I predict this momentary spurt will collapse. The country faces a related set of crises:
– 15 million unemployed, with millions jobless for more than six months; there is no apparent, dependable engine of growth to reverse that soon;
– a huge collapse in aggregate demand coupled with a deleveraging process after homeowners lost trillions when the housing bubble burst; with depressed demand, businesses have little reason to expand;
– a resulting severe mortgage crisis made even more cruel by pervasive fraud on the part of banks and their servicing entities, with negative implications for the housing market, underwater owners, bank insolvency and the integrity of the foreclosure/judicial system;
– massive budget crisis in many states, forcing layoffs and declining public services, including cuts to safety-net programs whose needs mushroomed because of the recession;
– an out of control financial/banking sector that continues to loot consumers and run an unregulated casino with nearly free money from the Feds;
– a mind-numbing denial about the dangers of global climate change, as its consequences literally begin to flood vulnerable parts of the planet;
– debilitating wars that continue to drain the US while destroying or destabilizing countries we presume to be helping;
. . . and on and on.
Now match that list of actual problems against anything we’ve heard from the Obama Administration or the new Tea-GOPer Congress about their priorities. There’s almost zero overlap. There’s no jobs program, no mortgage solution, no state budget rescue, no reining in the financial sector before the MOTU tank the economy again, no end to wars, no restoration of the rule of law. In short, we see nothing even remotely helpful coming from Washington.
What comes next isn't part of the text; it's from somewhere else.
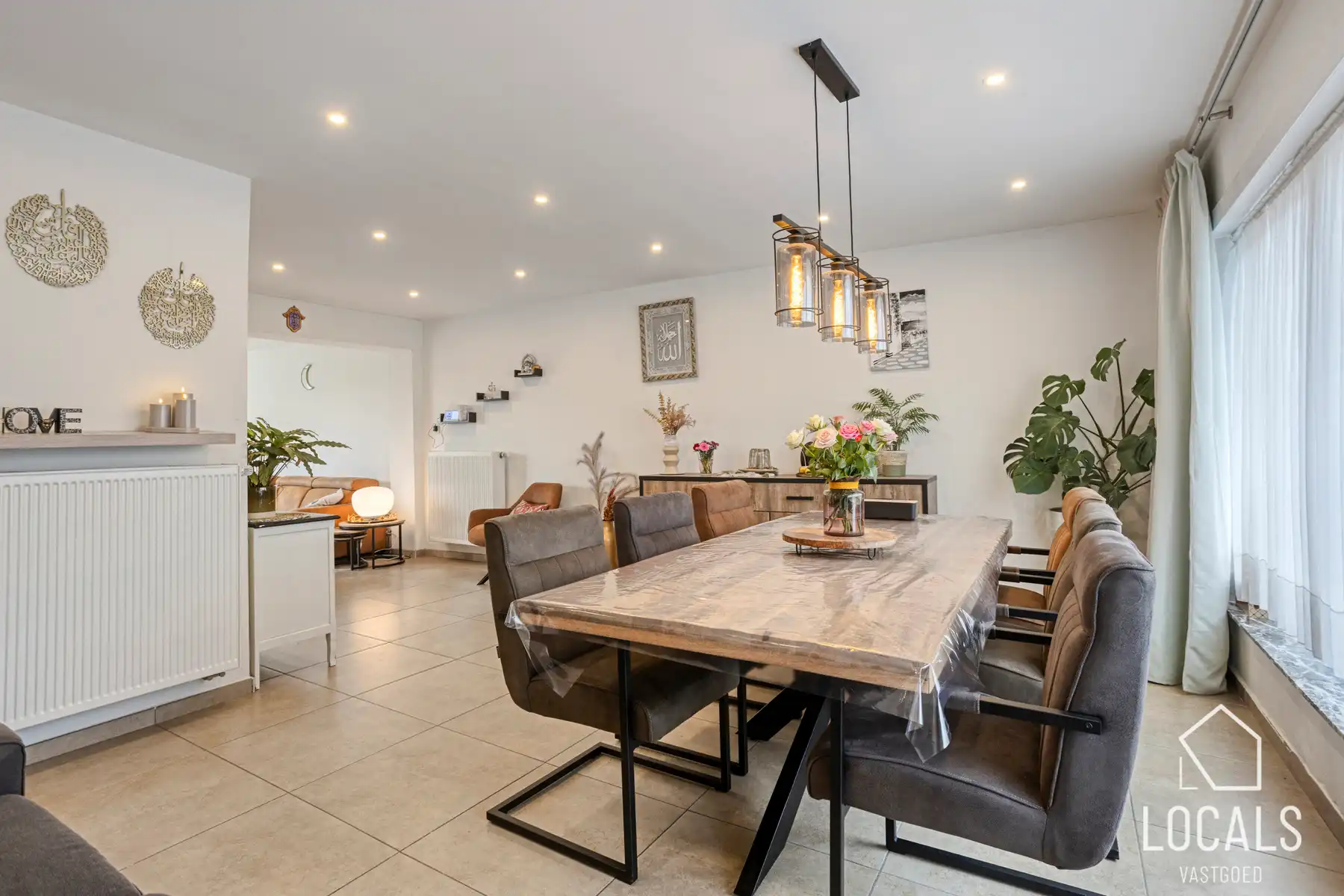 Ruime energiezuinige woning met uitbreidingsmogelijkheden  foto 2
Instead, the DC/Third Way’s top agenda is to cut Social Security, as though the problem with America is that our elderly, having seen their home or market savings wiped out, have too much economic security. Then they want to cut federal spending at the same time state and local governments are contracting and consumers are deleveraging, which can only reduce the country’s standard of living further. And to finish the demolition, they want to cripple government’s ability to address any of the actual problems.
Shouldn’t we be protesting in the streets? These people are trashing the place, but there are no grownups in charge, and as far as I can tell, none waiting in the wings, not even a government in exile, if the whole structure crashes again. We look like early Tunisia, only less aware.